BootsnAll Travel Network



Babi Kecap

I promised some Balinese recipes, but haven’t gotten around to blogging them yet.

Babi kecap is popular and easy to make, once you have ground your pastes! It does, however, use almost ½ bottle of kecap manis (sweet soy sauce) which you’ll have to bring with you from Indonesia. I use less (I don’t like my food too sweet) and made the spice mixture while preparing the basic paste, which made cooking this dish very quick and easy.

Before I go on, if you want to explore Balinese food for yourself, this site has a great collection of recipes, including spice mixtures, dips and sauces.

Babi Kecap

500g pork,
2 long red chillies (mild),
5 hot chillies,
5 shallots,
3 cloves garlic,
ca. 2cm ginger,
ca. 2cm fresh tumeric (1 tsp powder),
ca. 2cm lesser galangal (kencur),
ca. 2cm greater galangal (laos),
¼ tsp shrimp paste (blachan),
1 tsp salt,
1 tsp pepper;
2-4 tbsp kecap manis;
2 tbsp oil

Cut the pork into strips. Grind the shallots, chillies, shallots, garlic and roots (how I wish I had a mini-food-processor!) and mix in pepper, salt, oil and kecap manis. Coat pork thoroughly with this mixture, place in a pot and cover with water. Simmer slowly for at least 1h until most of the water has boiled away and the pork is meltingly tender.
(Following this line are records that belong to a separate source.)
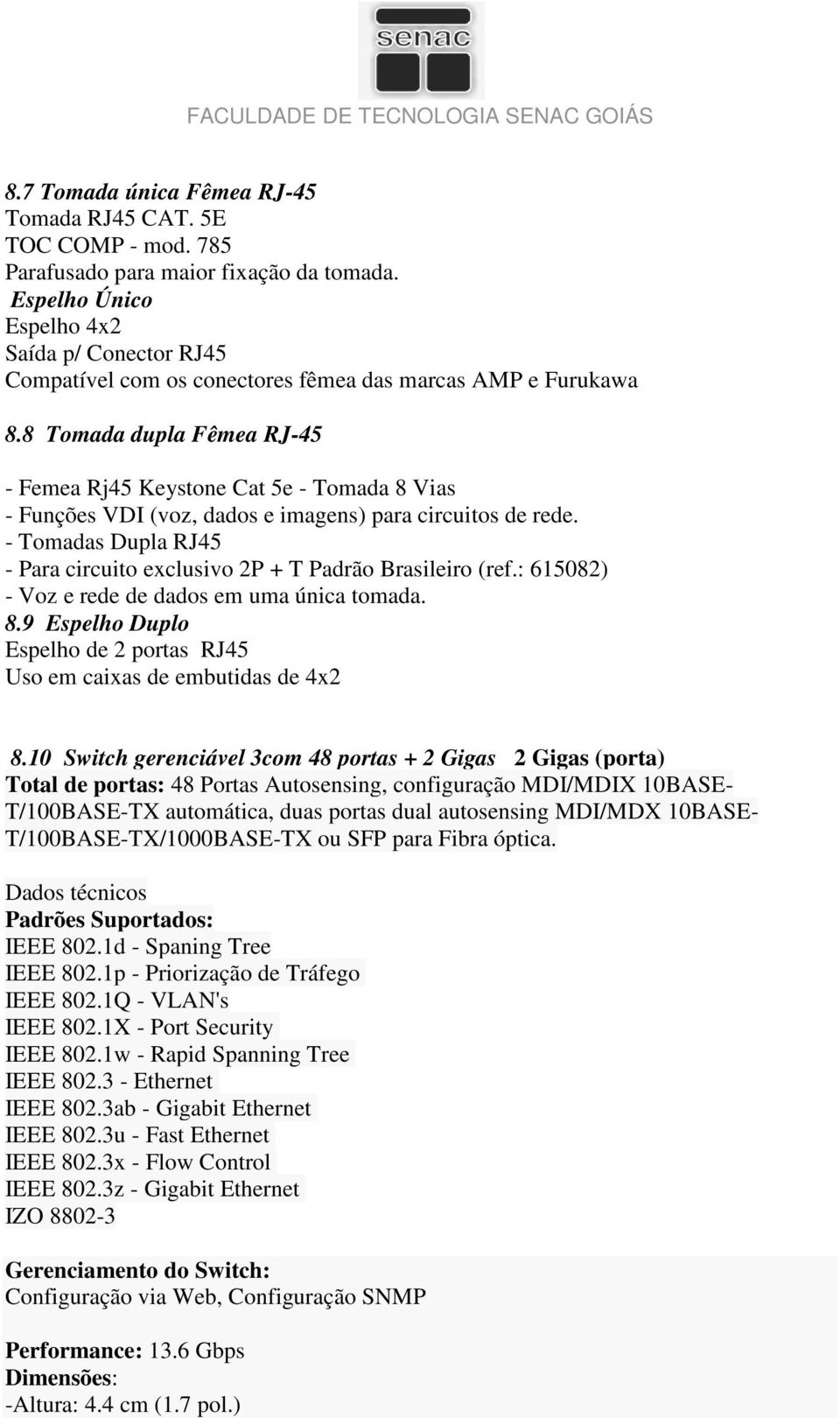 8 Tomada dupla Fêmea RJ-45 - Femea Rj45 Keystone Cat 5e - Tomada 8 Vias - Funções VDI (voz, dados e imagens) para circuitos de rede.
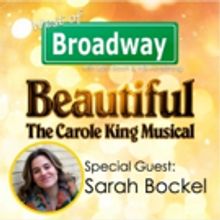 The 'West of Broadway' Podcast Welcomes Sarah Bockel from the BEAUTIFUL Tour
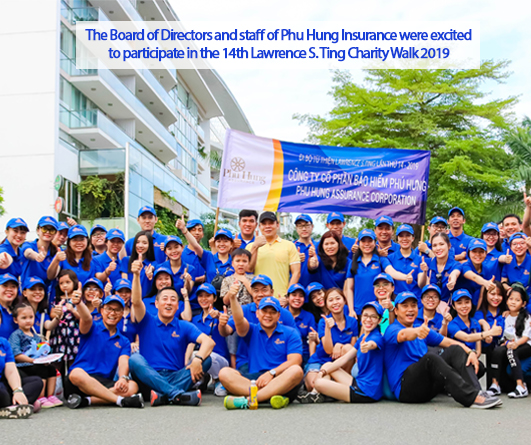 Phu Hung Insurance accompanies the 2022 Lawrence S. Ting Charity Walk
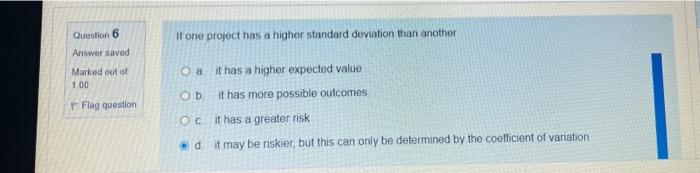 Question 6 Answer Saved If One Project Has A Higher Standard Deviation Than Another Marked Out Of 100 O A It Has A Highe 1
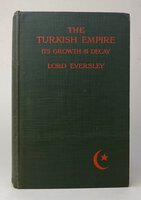 THE TURKISH EMPIRE. by EVERSLEY, Lord.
Surprisingly, no frying is involved, so skim the dish when it first comes to the boil. Since the wording on the above website and Bumbu Bali’s (Ubud) recipe booklet are almost identical, they may have cribbed from each other. The other recipes I’ve found online all use flour and powdered ginger and are far from authentic. They, too, are all copied from a common source. Either way, this works!